[Brief descriptive captions]
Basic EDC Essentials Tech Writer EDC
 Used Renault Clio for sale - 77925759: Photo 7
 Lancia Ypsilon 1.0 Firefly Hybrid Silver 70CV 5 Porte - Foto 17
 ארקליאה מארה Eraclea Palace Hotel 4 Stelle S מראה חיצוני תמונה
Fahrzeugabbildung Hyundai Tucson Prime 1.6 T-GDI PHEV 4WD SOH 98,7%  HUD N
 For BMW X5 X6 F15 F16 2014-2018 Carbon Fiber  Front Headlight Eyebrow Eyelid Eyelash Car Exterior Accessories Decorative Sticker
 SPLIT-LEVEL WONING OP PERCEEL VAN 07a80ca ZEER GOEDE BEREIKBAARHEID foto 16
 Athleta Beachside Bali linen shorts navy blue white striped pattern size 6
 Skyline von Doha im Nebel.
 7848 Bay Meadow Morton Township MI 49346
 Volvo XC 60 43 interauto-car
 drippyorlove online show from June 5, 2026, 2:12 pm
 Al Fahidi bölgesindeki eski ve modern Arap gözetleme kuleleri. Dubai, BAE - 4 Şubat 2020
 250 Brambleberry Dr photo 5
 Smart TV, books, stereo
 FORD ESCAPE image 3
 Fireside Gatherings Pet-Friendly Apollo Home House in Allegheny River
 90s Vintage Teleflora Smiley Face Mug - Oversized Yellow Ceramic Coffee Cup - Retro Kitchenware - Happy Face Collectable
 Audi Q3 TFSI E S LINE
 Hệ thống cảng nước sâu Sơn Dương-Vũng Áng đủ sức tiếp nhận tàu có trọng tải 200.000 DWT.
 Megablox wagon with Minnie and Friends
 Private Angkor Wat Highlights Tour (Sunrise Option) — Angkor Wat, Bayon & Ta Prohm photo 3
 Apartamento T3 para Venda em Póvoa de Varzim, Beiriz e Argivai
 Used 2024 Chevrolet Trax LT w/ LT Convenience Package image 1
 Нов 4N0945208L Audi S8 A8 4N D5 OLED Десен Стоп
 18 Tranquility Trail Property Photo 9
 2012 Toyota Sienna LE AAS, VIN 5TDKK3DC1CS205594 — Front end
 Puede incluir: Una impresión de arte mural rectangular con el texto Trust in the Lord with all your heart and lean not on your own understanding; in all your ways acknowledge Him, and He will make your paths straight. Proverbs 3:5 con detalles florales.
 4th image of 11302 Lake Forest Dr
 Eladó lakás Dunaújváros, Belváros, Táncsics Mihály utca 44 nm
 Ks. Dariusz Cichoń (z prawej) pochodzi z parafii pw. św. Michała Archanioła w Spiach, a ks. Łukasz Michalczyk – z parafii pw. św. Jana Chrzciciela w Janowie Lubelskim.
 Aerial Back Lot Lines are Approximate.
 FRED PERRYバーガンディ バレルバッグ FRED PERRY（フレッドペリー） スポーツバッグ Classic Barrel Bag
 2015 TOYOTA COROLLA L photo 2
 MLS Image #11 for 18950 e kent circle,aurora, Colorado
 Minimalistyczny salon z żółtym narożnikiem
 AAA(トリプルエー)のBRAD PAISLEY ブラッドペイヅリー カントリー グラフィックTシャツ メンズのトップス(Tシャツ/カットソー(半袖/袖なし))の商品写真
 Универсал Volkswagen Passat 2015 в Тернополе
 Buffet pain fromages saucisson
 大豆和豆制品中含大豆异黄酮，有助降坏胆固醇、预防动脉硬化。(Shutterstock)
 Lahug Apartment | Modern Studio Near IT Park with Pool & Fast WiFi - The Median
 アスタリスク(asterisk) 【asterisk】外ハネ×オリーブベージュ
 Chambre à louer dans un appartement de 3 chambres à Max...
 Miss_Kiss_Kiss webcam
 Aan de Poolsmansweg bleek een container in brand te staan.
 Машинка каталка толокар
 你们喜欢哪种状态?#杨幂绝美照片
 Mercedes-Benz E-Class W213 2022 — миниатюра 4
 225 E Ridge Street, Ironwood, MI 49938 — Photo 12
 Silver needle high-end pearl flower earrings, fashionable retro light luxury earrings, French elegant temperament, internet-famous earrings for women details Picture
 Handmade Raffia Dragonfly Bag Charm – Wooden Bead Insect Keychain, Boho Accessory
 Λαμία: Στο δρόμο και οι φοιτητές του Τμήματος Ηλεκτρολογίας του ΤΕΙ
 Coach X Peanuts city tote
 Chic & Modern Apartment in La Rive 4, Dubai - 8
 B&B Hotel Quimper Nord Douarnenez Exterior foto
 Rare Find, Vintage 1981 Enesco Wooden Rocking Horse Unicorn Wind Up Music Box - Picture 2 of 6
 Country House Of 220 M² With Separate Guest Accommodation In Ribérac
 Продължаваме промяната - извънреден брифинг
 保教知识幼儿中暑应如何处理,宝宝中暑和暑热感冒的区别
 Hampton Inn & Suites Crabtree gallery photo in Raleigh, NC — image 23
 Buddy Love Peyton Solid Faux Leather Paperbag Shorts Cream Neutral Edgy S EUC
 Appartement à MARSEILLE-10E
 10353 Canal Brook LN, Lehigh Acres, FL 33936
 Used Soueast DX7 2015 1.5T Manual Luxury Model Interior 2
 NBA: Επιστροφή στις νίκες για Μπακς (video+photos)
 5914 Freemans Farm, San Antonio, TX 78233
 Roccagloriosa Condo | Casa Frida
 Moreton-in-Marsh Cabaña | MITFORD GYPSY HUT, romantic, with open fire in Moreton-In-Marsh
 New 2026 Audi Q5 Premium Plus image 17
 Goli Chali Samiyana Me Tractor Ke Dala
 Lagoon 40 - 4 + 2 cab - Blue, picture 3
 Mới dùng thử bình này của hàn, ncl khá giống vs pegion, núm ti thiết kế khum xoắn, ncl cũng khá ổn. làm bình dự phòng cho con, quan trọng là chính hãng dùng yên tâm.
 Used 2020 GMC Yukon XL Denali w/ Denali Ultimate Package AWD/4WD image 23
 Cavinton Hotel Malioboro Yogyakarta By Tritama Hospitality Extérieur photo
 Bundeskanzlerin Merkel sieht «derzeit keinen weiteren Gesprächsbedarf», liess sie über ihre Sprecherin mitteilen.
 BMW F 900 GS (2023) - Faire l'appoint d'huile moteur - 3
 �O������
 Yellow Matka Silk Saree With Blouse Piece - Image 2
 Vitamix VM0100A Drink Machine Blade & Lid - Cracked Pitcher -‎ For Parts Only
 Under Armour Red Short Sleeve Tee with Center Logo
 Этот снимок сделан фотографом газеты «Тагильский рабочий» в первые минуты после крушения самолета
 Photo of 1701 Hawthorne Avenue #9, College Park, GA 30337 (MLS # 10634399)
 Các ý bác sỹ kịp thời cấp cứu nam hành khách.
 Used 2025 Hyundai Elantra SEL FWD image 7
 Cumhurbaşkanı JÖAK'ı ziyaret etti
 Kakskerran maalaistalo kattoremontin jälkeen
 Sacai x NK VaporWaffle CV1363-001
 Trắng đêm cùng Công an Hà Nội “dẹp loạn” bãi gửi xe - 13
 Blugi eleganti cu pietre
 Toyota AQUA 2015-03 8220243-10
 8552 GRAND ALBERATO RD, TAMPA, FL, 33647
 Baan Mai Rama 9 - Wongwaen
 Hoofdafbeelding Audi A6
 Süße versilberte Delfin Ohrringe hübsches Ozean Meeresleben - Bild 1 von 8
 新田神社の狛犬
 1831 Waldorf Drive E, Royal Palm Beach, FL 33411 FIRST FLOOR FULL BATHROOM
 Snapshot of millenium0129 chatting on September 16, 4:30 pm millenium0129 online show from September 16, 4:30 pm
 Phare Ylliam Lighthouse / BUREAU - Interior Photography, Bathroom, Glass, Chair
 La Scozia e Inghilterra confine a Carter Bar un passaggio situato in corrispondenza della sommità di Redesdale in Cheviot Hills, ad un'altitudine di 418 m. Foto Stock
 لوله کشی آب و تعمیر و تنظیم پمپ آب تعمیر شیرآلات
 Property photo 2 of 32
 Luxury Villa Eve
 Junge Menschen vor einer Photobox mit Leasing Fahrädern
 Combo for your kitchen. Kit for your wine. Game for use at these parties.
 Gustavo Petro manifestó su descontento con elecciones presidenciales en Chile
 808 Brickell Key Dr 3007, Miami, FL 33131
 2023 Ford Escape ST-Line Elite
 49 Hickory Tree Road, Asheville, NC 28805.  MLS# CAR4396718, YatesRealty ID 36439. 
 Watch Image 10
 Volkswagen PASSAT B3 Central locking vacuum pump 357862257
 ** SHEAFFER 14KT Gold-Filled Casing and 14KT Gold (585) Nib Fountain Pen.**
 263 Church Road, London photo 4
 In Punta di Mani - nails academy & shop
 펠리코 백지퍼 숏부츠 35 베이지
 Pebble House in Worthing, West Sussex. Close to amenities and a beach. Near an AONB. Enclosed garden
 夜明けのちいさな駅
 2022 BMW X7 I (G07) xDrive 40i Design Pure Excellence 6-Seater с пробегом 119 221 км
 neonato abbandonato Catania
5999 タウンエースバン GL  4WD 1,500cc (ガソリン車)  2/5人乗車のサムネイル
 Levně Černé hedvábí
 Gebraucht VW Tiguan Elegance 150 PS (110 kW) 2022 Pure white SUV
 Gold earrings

* Task description *
Starting with the line with "Yellow Matka Silk" above and going on through the line with "Blugi eleganti cu pietre", transcribe every line exactly, both ends included, and add nothing.

* Answer section *
 Yellow Matka Silk Saree With Blouse Piece - Image 2
 Vitamix VM0100A Drink Machine Blade & Lid - Cracked Pitcher -‎ For Parts Only
 Under Armour Red Short Sleeve Tee with Center Logo
 Этот снимок сделан фотографом газеты «Тагильский рабочий» в первые минуты после крушения самолета
 Photo of 1701 Hawthorne Avenue #9, College Park, GA 30337 (MLS # 10634399)
 Các ý bác sỹ kịp thời cấp cứu nam hành khách.
 Used 2025 Hyundai Elantra SEL FWD image 7
 Cumhurbaşkanı JÖAK'ı ziyaret etti
 Kakskerran maalaistalo kattoremontin jälkeen
 Sacai x NK VaporWaffle CV1363-001
 Trắng đêm cùng Công an Hà Nội “dẹp loạn” bãi gửi xe - 13
 Blugi eleganti cu pietre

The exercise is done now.